Dataset excerpts
--- START ---

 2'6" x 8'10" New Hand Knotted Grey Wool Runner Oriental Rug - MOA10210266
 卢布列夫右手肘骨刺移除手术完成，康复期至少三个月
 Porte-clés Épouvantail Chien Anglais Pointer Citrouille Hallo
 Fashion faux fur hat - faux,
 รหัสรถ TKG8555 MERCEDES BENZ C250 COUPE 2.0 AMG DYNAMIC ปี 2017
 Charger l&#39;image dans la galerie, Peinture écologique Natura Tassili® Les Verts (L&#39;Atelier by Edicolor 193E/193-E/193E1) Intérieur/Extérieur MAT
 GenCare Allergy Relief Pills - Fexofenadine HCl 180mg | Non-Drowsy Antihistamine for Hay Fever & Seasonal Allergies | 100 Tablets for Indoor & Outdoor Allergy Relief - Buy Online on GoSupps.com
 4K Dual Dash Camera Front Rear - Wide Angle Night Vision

--- END ---

→ **What needs to be done**
Stop after the line containing "Charger l&#39;image dans": print exactly the lines from the start of the entries above up to it, that line included.

→ **Completed exercise**
 2'6" x 8'10" New Hand Knotted Grey Wool Runner Oriental Rug - MOA10210266
 卢布列夫右手肘骨刺移除手术完成，康复期至少三个月
 Porte-clés Épouvantail Chien Anglais Pointer Citrouille Hallo
 Fashion faux fur hat - faux,
 รหัสรถ TKG8555 MERCEDES BENZ C250 COUPE 2.0 AMG DYNAMIC ปี 2017
 Charger l&#39;image dans la galerie, Peinture écologique Natura Tassili® Les Verts (L&#39;Atelier by Edicolor 193E/193-E/193E1) Intérieur/Extérieur MAT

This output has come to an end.